Brief: Within the listing below, please copy exactly the lines between the line holding "Kia K3 2023, 22800 км, за 13154.42 USD" and the line holding "32848 Rugby Drive Warren City MI 48088", inclusive.

Task material:

————————

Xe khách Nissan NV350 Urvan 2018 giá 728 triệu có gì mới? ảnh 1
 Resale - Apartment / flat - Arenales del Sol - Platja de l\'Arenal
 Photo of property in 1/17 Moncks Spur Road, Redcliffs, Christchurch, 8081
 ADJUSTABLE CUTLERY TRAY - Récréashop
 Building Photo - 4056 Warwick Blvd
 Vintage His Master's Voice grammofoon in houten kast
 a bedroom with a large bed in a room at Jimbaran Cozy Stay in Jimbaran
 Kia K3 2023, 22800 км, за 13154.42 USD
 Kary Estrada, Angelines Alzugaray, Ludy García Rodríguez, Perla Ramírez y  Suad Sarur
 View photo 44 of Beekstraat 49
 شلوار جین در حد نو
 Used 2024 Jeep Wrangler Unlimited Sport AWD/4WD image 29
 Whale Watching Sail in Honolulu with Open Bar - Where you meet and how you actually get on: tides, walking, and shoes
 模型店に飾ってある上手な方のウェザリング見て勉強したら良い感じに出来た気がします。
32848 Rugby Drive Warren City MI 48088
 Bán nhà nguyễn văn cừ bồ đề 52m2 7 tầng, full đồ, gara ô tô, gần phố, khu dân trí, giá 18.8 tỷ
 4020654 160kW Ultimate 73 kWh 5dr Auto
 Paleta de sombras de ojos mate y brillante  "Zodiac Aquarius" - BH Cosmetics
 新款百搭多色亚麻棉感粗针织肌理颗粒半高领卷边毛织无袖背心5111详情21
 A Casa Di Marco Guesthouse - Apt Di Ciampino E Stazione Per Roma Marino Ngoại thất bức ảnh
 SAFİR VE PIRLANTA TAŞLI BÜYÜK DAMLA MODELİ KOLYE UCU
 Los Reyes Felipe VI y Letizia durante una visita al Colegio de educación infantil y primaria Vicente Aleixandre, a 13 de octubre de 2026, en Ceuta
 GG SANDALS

————————

Solution below:
 Kia K3 2023, 22800 км, за 13154.42 USD
 Kary Estrada, Angelines Alzugaray, Ludy García Rodríguez, Perla Ramírez y  Suad Sarur
 View photo 44 of Beekstraat 49
 شلوار جین در حد نو
 Used 2024 Jeep Wrangler Unlimited Sport AWD/4WD image 29
 Whale Watching Sail in Honolulu with Open Bar - Where you meet and how you actually get on: tides, walking, and shoes
 模型店に飾ってある上手な方のウェザリング見て勉強したら良い感じに出来た気がします。
32848 Rugby Drive Warren City MI 48088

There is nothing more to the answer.